■ PROBLEM REQUIREMENTS: What you return should be only the lines in the entries below between the one holding "MSSP Max Studio" and the one holding "Atelier Of Witch", ends included, with every picture left out.

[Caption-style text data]
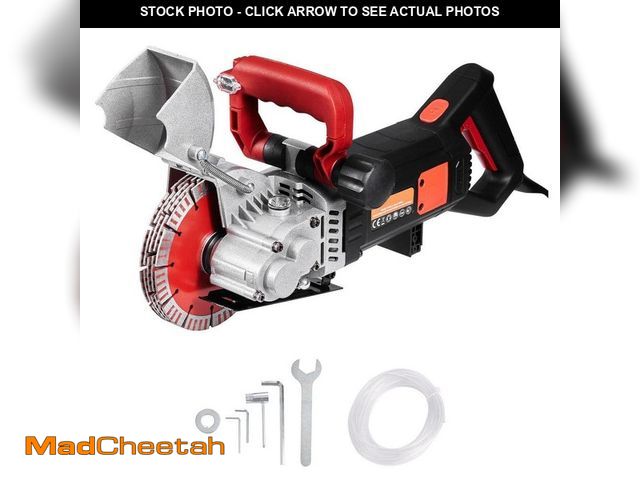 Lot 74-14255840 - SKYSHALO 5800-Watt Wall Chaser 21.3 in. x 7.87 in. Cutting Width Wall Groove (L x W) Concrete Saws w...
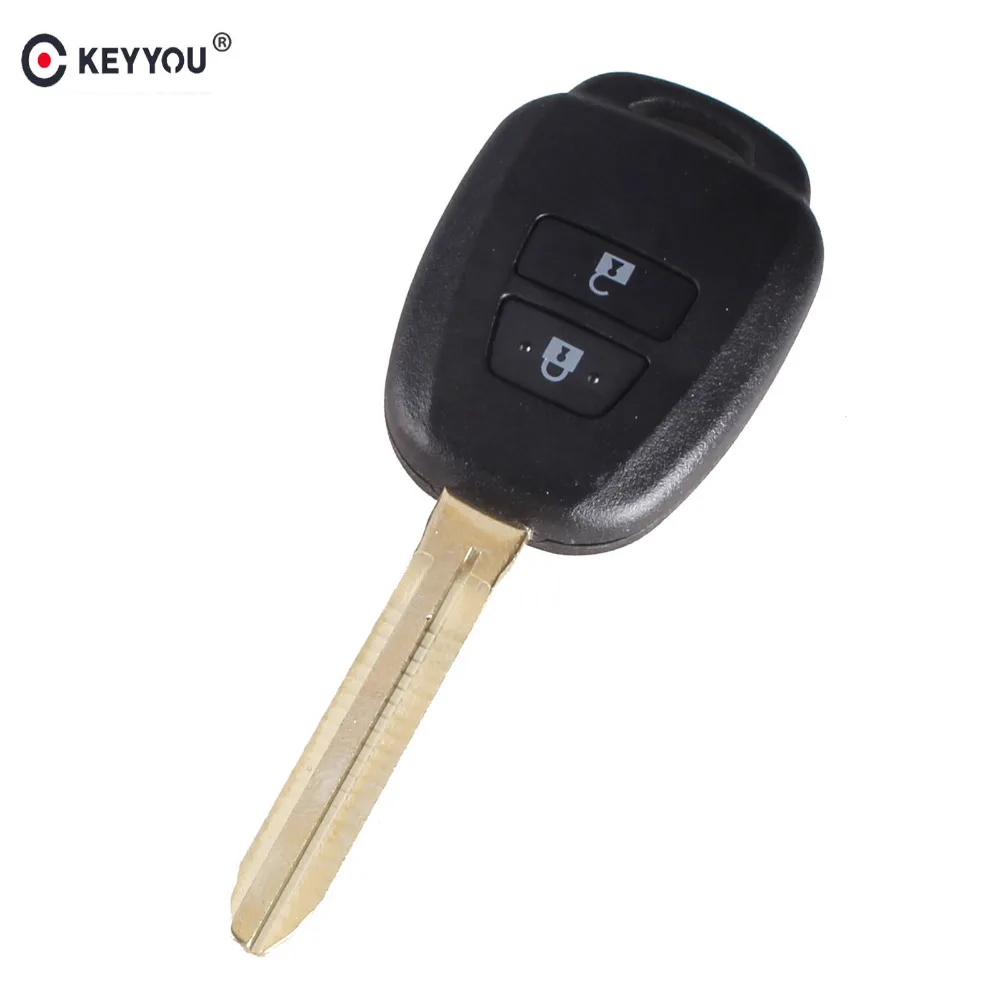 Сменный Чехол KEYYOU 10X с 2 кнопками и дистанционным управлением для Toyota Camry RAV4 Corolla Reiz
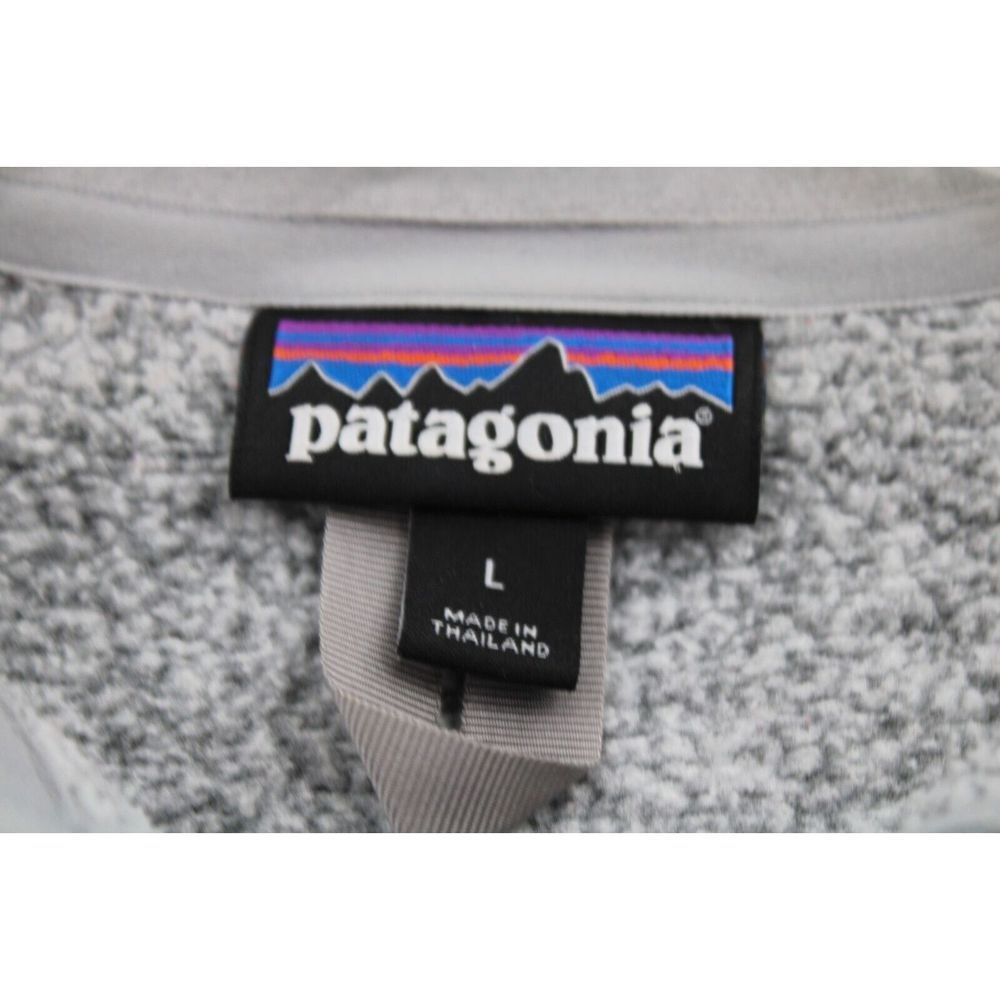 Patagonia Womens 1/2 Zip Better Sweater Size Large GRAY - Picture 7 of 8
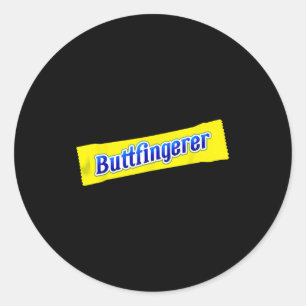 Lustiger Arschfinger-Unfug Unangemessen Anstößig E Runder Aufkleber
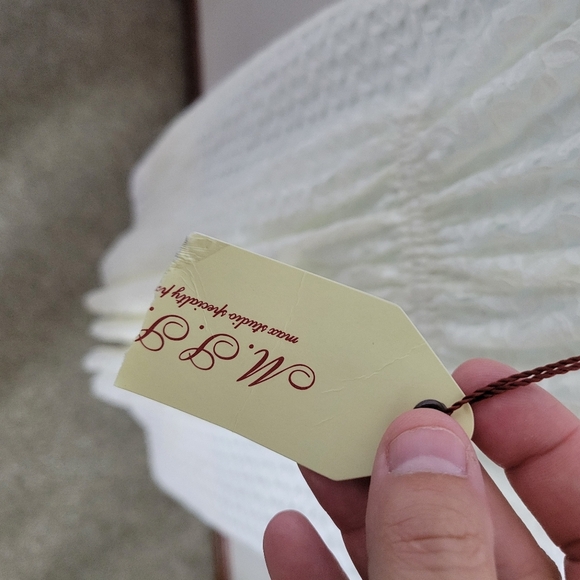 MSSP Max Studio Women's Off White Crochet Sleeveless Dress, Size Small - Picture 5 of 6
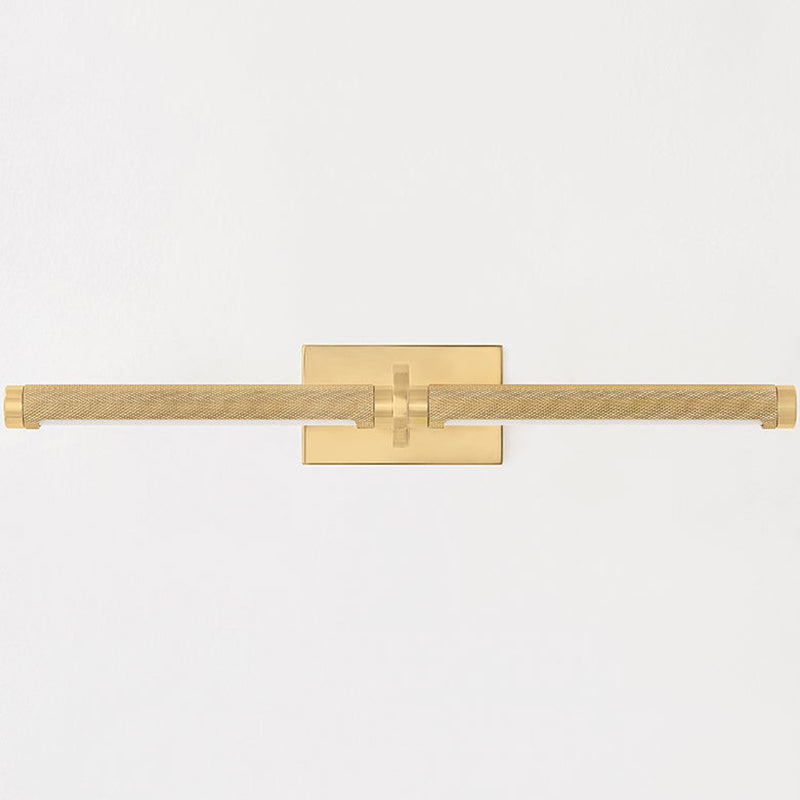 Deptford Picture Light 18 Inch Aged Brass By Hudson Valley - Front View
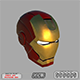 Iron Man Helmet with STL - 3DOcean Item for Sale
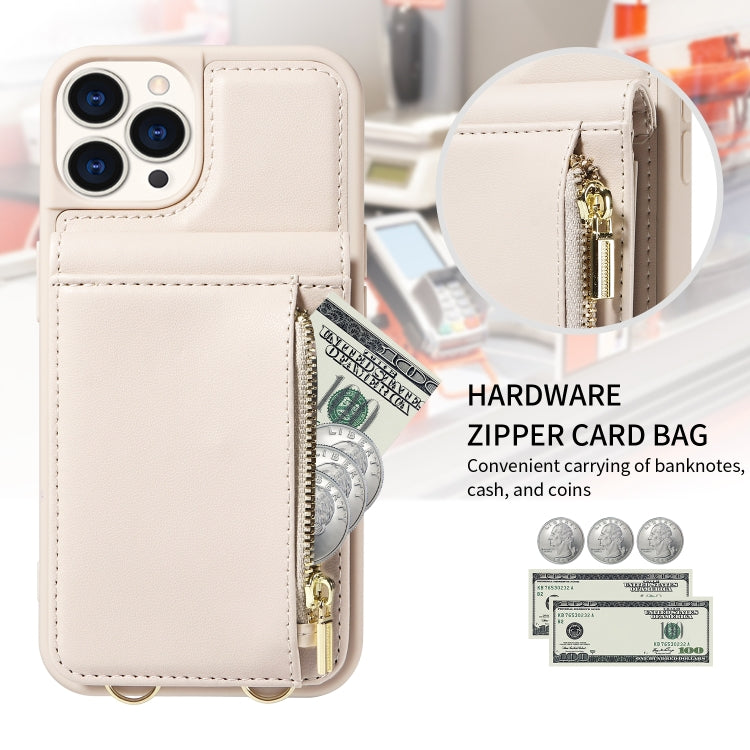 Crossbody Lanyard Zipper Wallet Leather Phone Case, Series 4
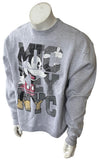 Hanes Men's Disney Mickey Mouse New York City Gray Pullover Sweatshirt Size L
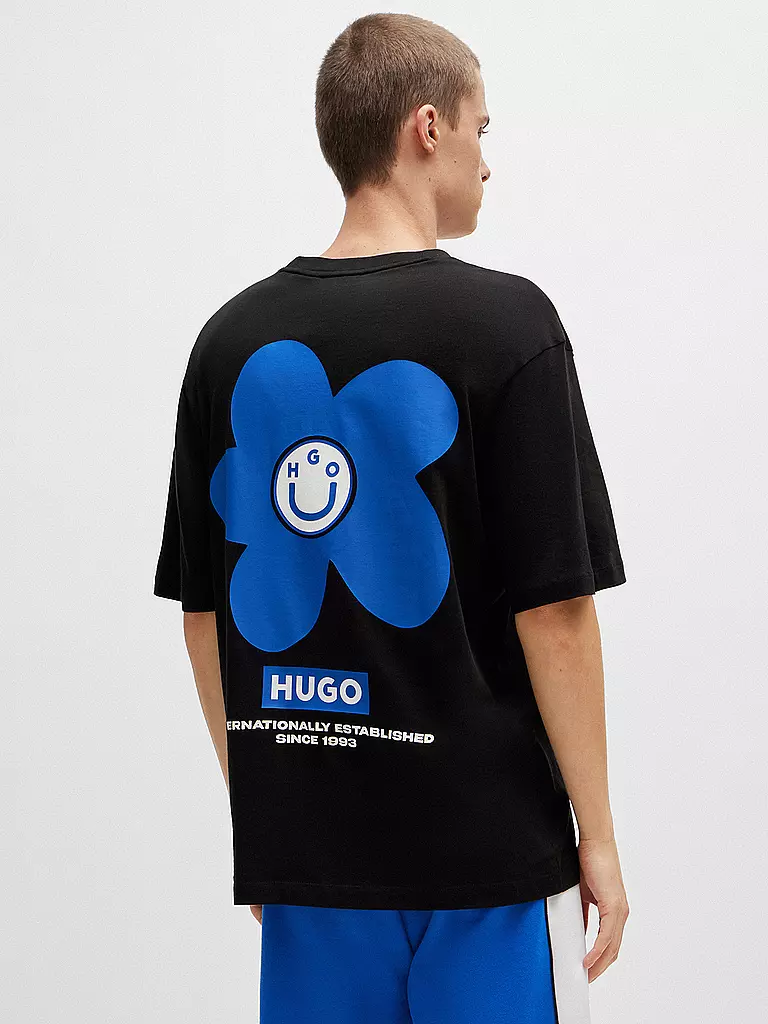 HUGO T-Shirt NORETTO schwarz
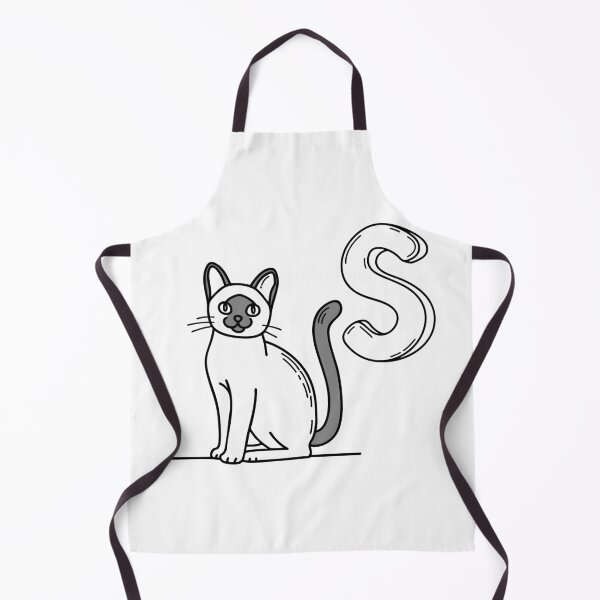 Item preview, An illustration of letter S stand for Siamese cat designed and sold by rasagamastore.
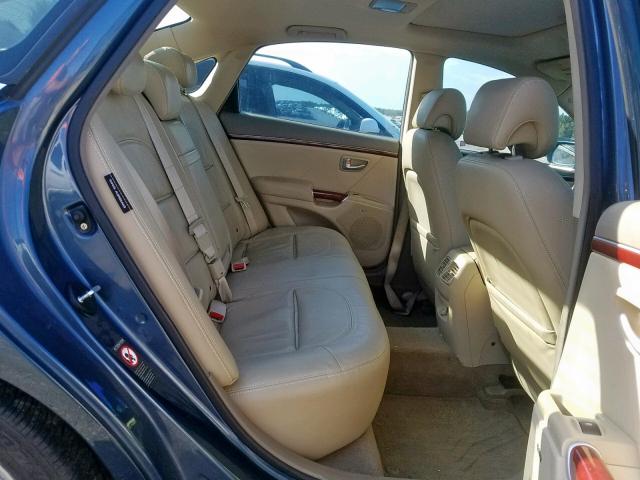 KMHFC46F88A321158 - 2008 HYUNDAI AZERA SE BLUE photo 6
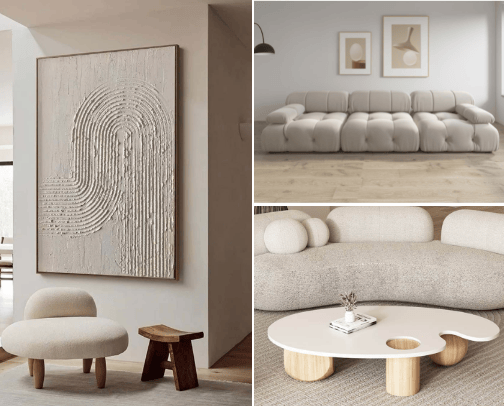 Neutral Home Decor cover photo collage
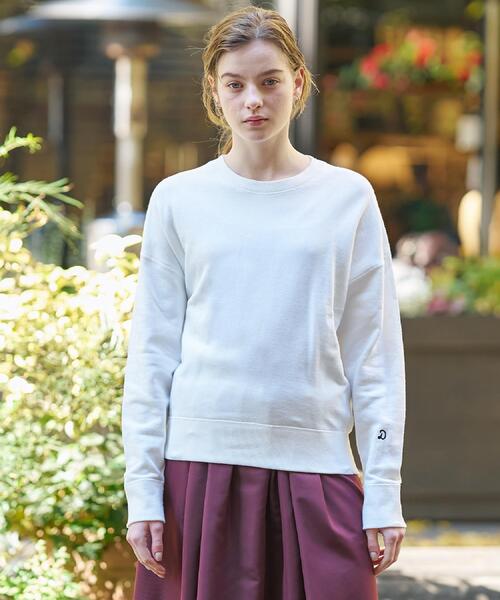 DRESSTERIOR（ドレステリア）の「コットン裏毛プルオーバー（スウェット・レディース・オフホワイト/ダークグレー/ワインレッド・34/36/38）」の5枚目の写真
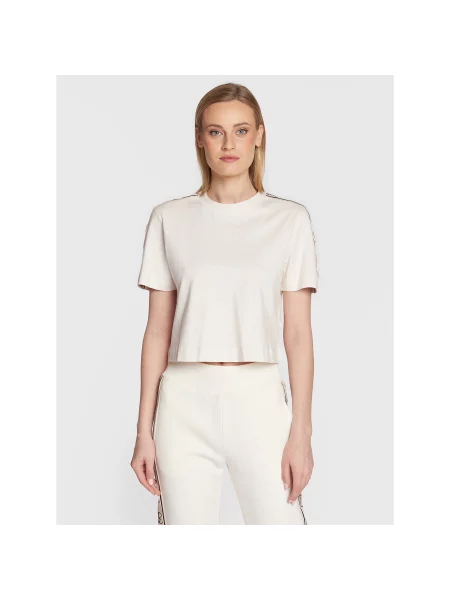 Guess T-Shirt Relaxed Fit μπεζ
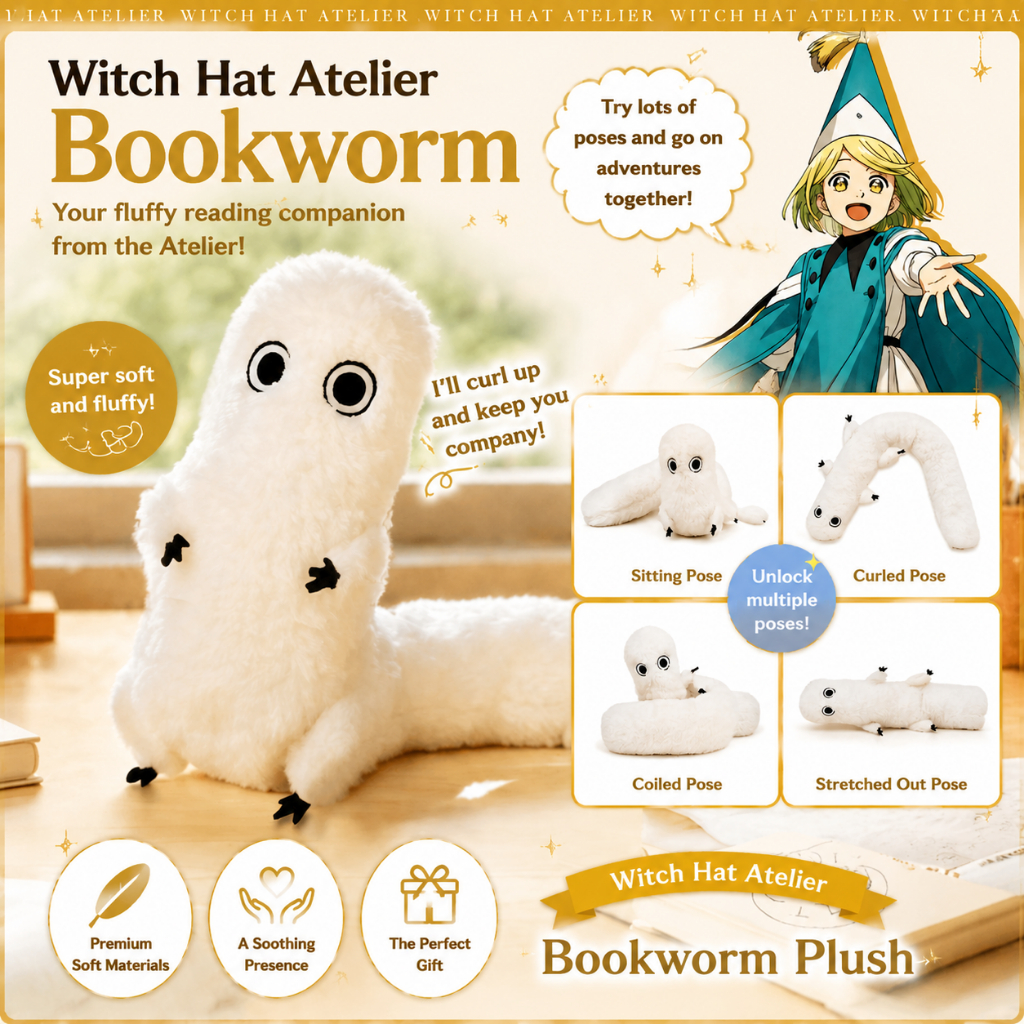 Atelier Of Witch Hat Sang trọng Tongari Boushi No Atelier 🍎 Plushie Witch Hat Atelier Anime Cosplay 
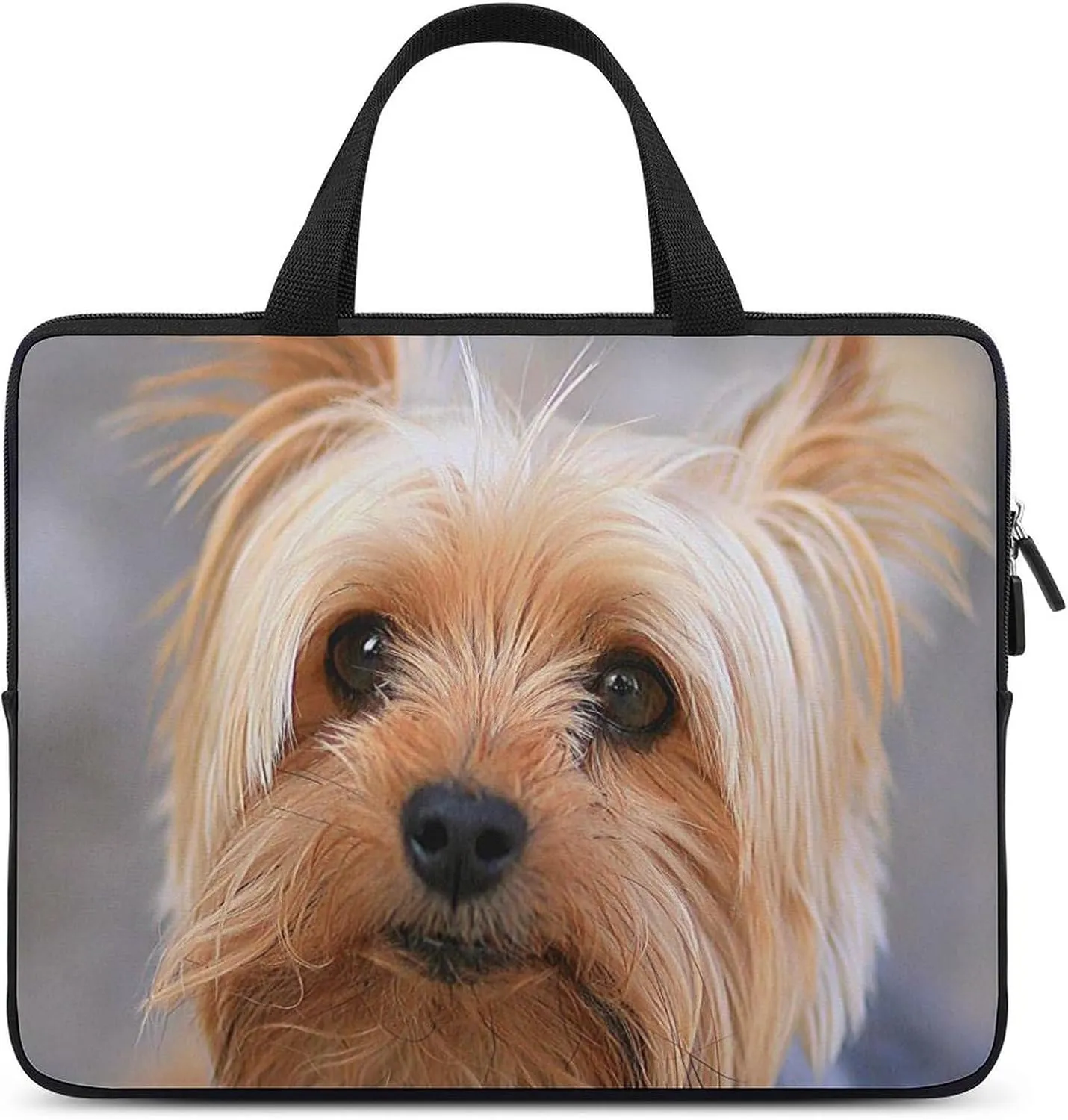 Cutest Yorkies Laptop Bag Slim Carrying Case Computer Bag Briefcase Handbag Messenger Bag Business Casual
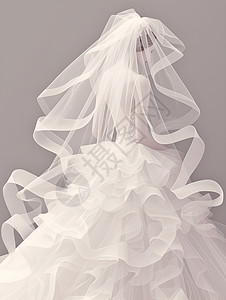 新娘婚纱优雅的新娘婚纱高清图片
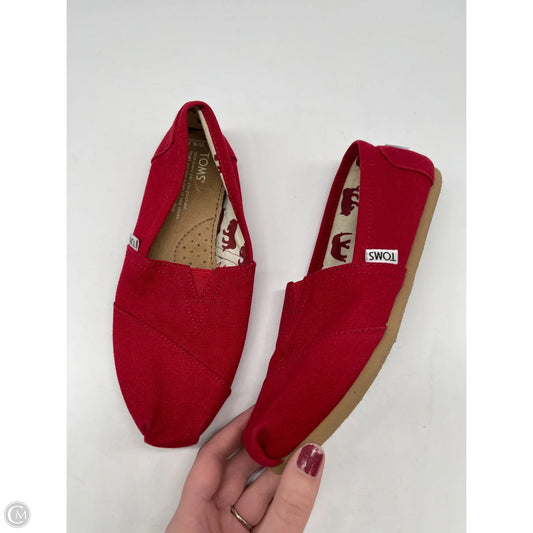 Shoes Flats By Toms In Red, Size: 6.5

■ ANSWER BOX:
 MSSP Max Studio Women's Off White Crochet Sleeveless Dress, Size Small - Picture 5 of 6
 Deptford Picture Light 18 Inch Aged Brass By Hudson Valley - Front View
 Iron Man Helmet with STL - 3DOcean Item for Sale
 Crossbody Lanyard Zipper Wallet Leather Phone Case, Series 4
 Hanes Men's Disney Mickey Mouse New York City Gray Pullover Sweatshirt Size L
 HUGO T-Shirt NORETTO schwarz
 Item preview, An illustration of letter S stand for Siamese cat designed and sold by rasagamastore.
 KMHFC46F88A321158 - 2008 HYUNDAI AZERA SE BLUE photo 6
 Neutral Home Decor cover photo collage
 DRESSTERIOR（ドレステリア）の「コットン裏毛プルオーバー（スウェット・レディース・オフホワイト/ダークグレー/ワインレッド・34/36/38）」の5枚目の写真
 Guess T-Shirt Relaxed Fit μπεζ
 Atelier Of Witch Hat Sang trọng Tongari Boushi No Atelier 🍎 Plushie Witch Hat Atelier Anime Cosplay 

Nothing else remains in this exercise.